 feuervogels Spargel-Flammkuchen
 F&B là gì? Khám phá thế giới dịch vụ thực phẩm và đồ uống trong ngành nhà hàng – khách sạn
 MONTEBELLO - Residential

...

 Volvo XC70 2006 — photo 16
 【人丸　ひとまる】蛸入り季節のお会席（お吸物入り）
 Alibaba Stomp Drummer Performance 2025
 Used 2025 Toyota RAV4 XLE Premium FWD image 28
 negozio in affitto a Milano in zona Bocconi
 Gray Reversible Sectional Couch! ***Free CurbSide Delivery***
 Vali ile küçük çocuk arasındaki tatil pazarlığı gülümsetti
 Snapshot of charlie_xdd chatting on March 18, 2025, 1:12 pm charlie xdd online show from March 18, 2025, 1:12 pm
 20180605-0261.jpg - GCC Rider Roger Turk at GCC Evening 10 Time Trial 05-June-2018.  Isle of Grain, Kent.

---

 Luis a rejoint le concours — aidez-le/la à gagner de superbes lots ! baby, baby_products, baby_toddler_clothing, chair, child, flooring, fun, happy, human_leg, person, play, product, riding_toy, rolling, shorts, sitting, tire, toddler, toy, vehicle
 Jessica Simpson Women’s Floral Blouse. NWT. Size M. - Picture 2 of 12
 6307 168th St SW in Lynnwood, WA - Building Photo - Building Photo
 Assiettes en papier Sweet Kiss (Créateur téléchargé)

• **What you need to do**
Look above for the line with "Luis a rejoint"; retype exactly that line, every line after it up to the line with "Assiettes en papier", and that line too, nothing else.

• **Reply**
 Luis a rejoint le concours — aidez-le/la à gagner de superbes lots ! baby, baby_products, baby_toddler_clothing, chair, child, flooring, fun, happy, human_leg, person, play, product, riding_toy, rolling, shorts, sitting, tire, toddler, toy, vehicle
 Jessica Simpson Women’s Floral Blouse. NWT. Size M. - Picture 2 of 12
 6307 168th St SW in Lynnwood, WA - Building Photo - Building Photo
 Assiettes en papier Sweet Kiss (Créateur téléchargé)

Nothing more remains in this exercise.